Ethics Matters

A Monthly Column in News Photographer magazine

Deni Elliott, Poynter Jamison Chair in Media Ethics and Press Policy,
University of South Florida
Paul Elliott, Professor of Communications,
California State University, Fullerton
(E-mail and Web page)

The Irony of the Iconic:
Considering the Need for Criticism

(c) 2004

ICON: From the Greek eikon, to be like, to seem. 1. An image; a representation. 2. An important and enduring symbol.

From the first permanent photograph produced by the French inventor Joseph Niepce with his heliographic process in 1826 to the present day, the number of still images recorded and presented by amateur and professional photographers dwarfs the volume of hamburgers served by the McDonald's fast-food chain. For example, it's estimated that over 80 billion photographs were taken in 2003 alone. Likewise, the number of events captured on videotape since Charles Ginsburg of Ampex introduced the technology at the National Association of Broadcasters convention in 1956 defies quantification.

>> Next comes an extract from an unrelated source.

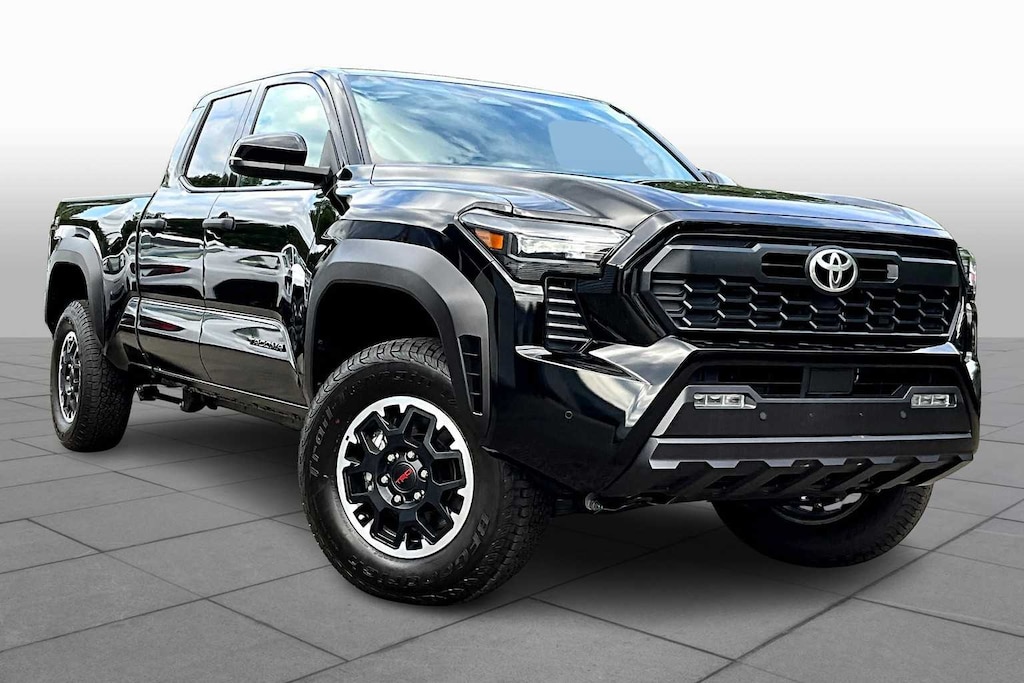 Certified 2025 Toyota Tacoma TRD Off Road Double Cab 5 Bed AT (GS) Truck Double Cab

Despite the quantity of recorded images, the number of memorable still and video pictures that qualify as icons for a particular culture at a particular time -- representing the union between the literal (the straight-forward message presented by the image) and the symbolic (the often culturally-specific and deep-rooted emotional connection with the picture's content) as implied by the word's definition -- wouldn't fill a digital card or slide projector tray.

It's important for news photographers to think about the nature of icons because each news image has the potential of reaching this status. Icons, by definition, inform and reinforce cultural understandings. But unlike the more common definition of the term in which an image merely stands for a close approximation of the thing being represented (a bison painting on a cave wall or a printer picture on a computer's desktop, for example), icons as we're discussing them have an essential responsibility to truth. As the power of an image is magnified by icon status, the need for absolute accuracy and integrity is magnified as well. If a news image is the first draft of history, an icon is the final presentation.

Once an image is deemed iconic, critical assessments of its creator, production, and use are subjected to intense scrutiny and, ultimately, unquestioned belief and fierce loyalty. Icons carry emotional attachment. Once accepted, those attached to the particular image, maker, and/or content do not like their beliefs associated with it questioned.

That emotional attachment to an iconic image may explain why some readers objected to our criticisms of historic photographic icons within the context of a discussion on manipulation. When people think that they know the circumstances of an iconic event, or have attached meaning to it, they can become defensive when those deeply-held beliefs are challenged.

Yet, as we dealt with the sometimes venomous reactions to our questioning of iconic images, we were struck by the ironic implication that followed from the responses. Photojournalists, particularly those who felt that we were attacking historical shrines of the profession, cannot deny the necessity that every news photograph reflects the highest of currently understood ethical standards. Emotional attachment to iconic images, along with the uncertainty of which images will become icons, entails that all news images must be entirely accurate in development, context, capture, and presentation. No exceptions.

Because of the deep cultural significance of icons, they can seem almost untouchable for those who want to critically study them. Since icons are, by definition, important and enduring, the respect afforded them through their historical importance and use has placed these images practically out of reach for academic scholars. The charge of "revisionist history" is easily leveled at anyone attempting to use present ethical standards and moral sensitivities to judge the actions of photographers and content of pictures from the past. But it is through revisionism that ethical standards get advanced. Cultures advance only when participants can critically review the past and realize that things could have been done differently at the time and that they certainly would be done differently today.

As professions mature, some conventional behaviors, once universally accepted, become less than acceptable. Stage-managing of news subjects is an obvious example of a professional practice that has changed over time. News imagery is now better understood as "catching" a moment in history rather than helping to create it.

What if in the future it is considered unethical not to tell those in the news to turn a certain way and say a certain phrase in order for viewers to fully understand a story? That eventuality carries with it the need to re-examine what was acceptable before. The clash between the revered and the reviled, like that between the icon and the current ethical standard, forces us to consider and more clearly articulate the professional principles that we believe to be inviolate.

The job of visual journalists is to document persons and events in all their joy and inhumanity. If an icon is produced in the process, it means that the photographer or videographer captured a moment that will be remembered for generations. It should be hoped and expected that professionals and scholars of a future generation will critique the image in a way that will throw light upon the past, the present, and the future.